In Renaissance and Regress Lakatos also mentions Hilbert’s program. But it is a bit unclear what Lakatos actually thinks of Hilbert’s program. He classifies it as a Euclidean Programme (Lakatos 1976, p. 209), but he then remarks that “analysis is a quasi-empirical theory but the Euclidean consistency proof will see to it that it should have no falsifiers” (Lakatos 1976, p. 209). Also, in Regress, he characterises Hilbert’s meta-mathematics as an attempt to help mathematics pass the test for consistency as an empiricist theory (Lakatos 1962, p. 179). So it seems that Lakatos doesn’t think that Hilbert’s program can organise mathematics into a Euclidean theory. But then why is it Euclidean itself? An editorial note on (Lakatos 1976, p. 209) sheds some light on the question:
Lakatos is, perhaps, wrong to think that Hilbert’s philosophy, at least as here presented, can be subsumed easily under Euclideanism. Metamathematics is an informal unaxiomatised theory and such theories do not have the required deductive structure to be candidates for Euclidean status.
Therefore, Lakatos may mistakenly think that Hilbert’s program was intended to be a Euclideanisation of meta-mathematics which, if successful, would establish the infallibility of the consistency of mathematics. Unfortunately, its goal was proven to be impossible by Gödel’s incompleteness theorems (at least in Lakatos’ eyes). As a result, the impossibility of establishing the consistency of mathematics provides another source for the fallibility of mathematics.

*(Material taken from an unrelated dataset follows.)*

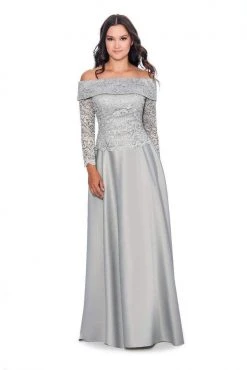 Cachet - 59205 Lace Off-Shoulder Satin A-line Dress Formal Gowns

3 Potential Falsifiers for Mathematics
For Lakatos to develop the quasi-empirical epistemology of mathematics, it is crucial to figure out what the basic statements of mathematics are (Lakatos 1976, p. 202). The basic statements are also known as potential falsifiers as they can provide potential falsifications to the rest of the theory. Although Lakatos doesn’t offer a full account of what potential falsifiers for mathematics are in Renaissance, he claims that there are two kinds: logical falsifiers and heuristic falsifiers. The logical falsifiers are the ones which we test the consistency of a theory against. They are statements of the form
In this section, I discuss both the logical falsifiers and the heuristic falsifiers. I show that (1) the candidates for logical falsifiers don’t always falsify; (2) it is difficult to give a satisfactory account for the epistemic source of the heuristic falsifiers (if they exist), whatever they may be; (3) given both (1) and (2), we should have doubt the quasi-empirical epistemology of mathematics.
3.1 Logical Falsifiers
Rejecting an axiom which derives a logical contradiction is a commonly accepted practice in mathematics. Most famously, the axiom (schema) of naive comprehension (which states that every property determines a set) was “abandoned” as it leads to Russell’s Paradox. Lakatos also deems consistency an essential property for a theory. Hence, for him, the impossibility to establish the consistency for mathematics (Section 2.2) opens up a source for the fallibility of axioms, for it could be the case that some day mathematicians find that current axioms derive a logical contradiction. Thus he characterised logical contradictions as logical falsifiers which are able to falsify axioms.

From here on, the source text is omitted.